Tuesday, February 1, 2011

New Variac

So for along time one of the essential tools I have been missing in my line of work was a variac. A variac is just a coined name for a variable autotransformer. It allows you to control the wall voltage directly. Unlike a rheostat this device simply steps down or up the mains voltage to a desired level. They range in power from 100VA (essentially 100W) to several thousand VA and so much larger industrial ones regulate grid voltage with a motor driven tap changer that can regulate line voltages at thousands of volts and millions of VA.

These things are easy to use! Just plug them into the wall or any source of AC! power, bring the knob down to the 0V position, plug in a load and then flip the switch on. Now by carefully varying the knob from 0 to 100% or even above 100% you control the mains voltage. This is handy for compensation due to voltage drops on long lengths of extension cord or running appliances that need specific voltages. Mostly what they are used for is controlling the voltage while troubleshooting or repairing appliances. That is we keep the voltage low and look for any smoke before powering the appliance at full lines voltage. It ensures you dont blow stuff up right away after fixing if you made a small mistake!

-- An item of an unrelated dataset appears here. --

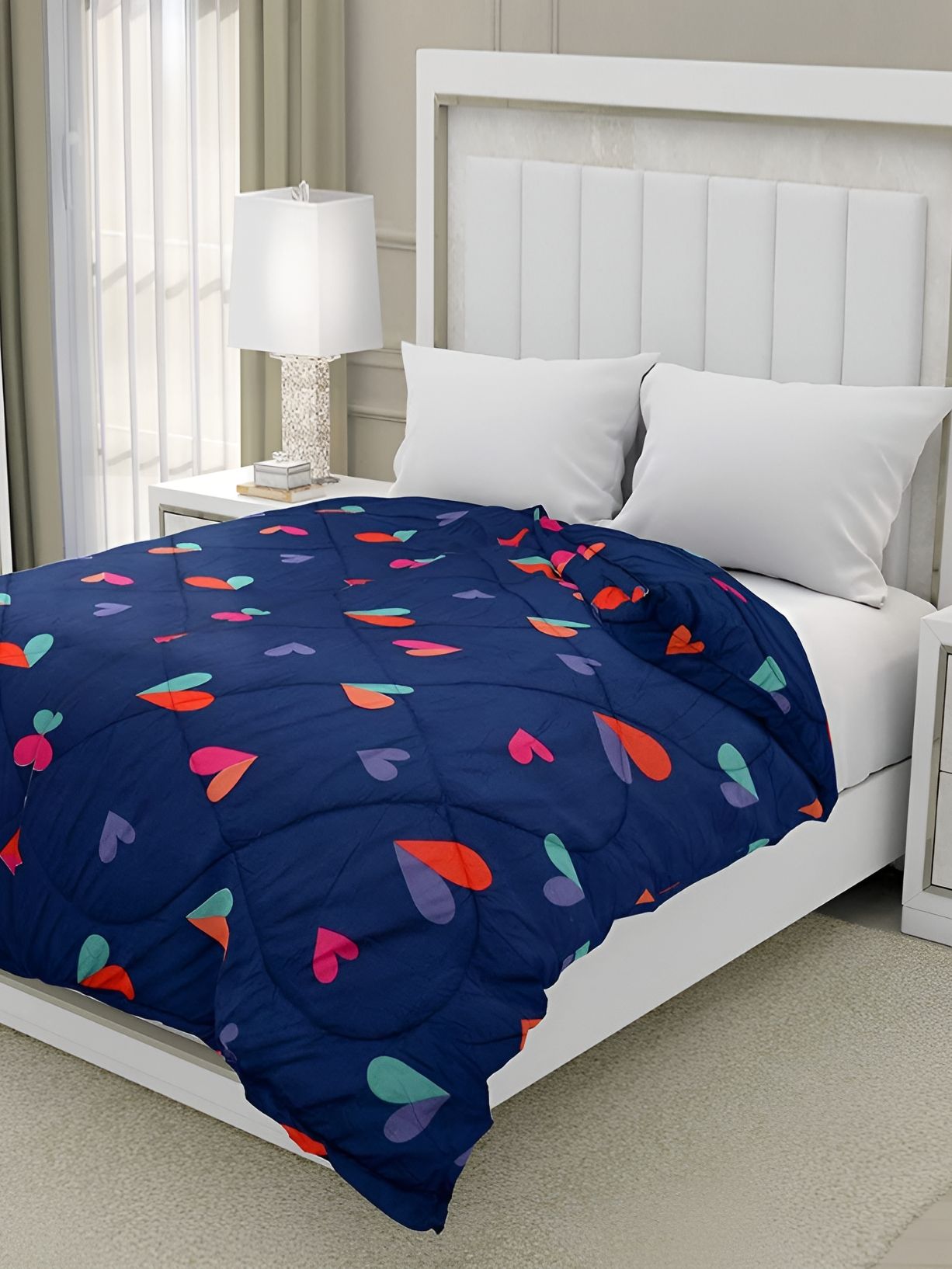 RRC Blue & Red Floral Printed AC Room 210 GSM Double Bed Comforter-picture-45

Ok now back to me bragging about my shiny new Variac... : ) I wanted a new one but I decided to look on ebay first for any deals before shopping at my local electrical supply store. Oh look whats this...

Figure 1 - TDGC-3k no-name Variac with compact fluorescent bulb for scale.

I obtained this unit on ebay from user drills12 for 100$ Canadian! and 35$ shipping in 5 days I had it on my door-step! Best deal if there ever was one!

Now I had stared at the unit on ebay for about a week or so and researched the model number because I could not believe a brand new unit rated at 3kVA at this price was even possible. For reasons of frustration in finding any information about this autotransformer I have decided to write down what I have found to help future buyers of the remaining units on ebay or for that mater any other online store selling similar units.

The unit is made in China outsourced by a russian company who's name I cant type in english and by SILICON inc. which I cant seem to find on the web?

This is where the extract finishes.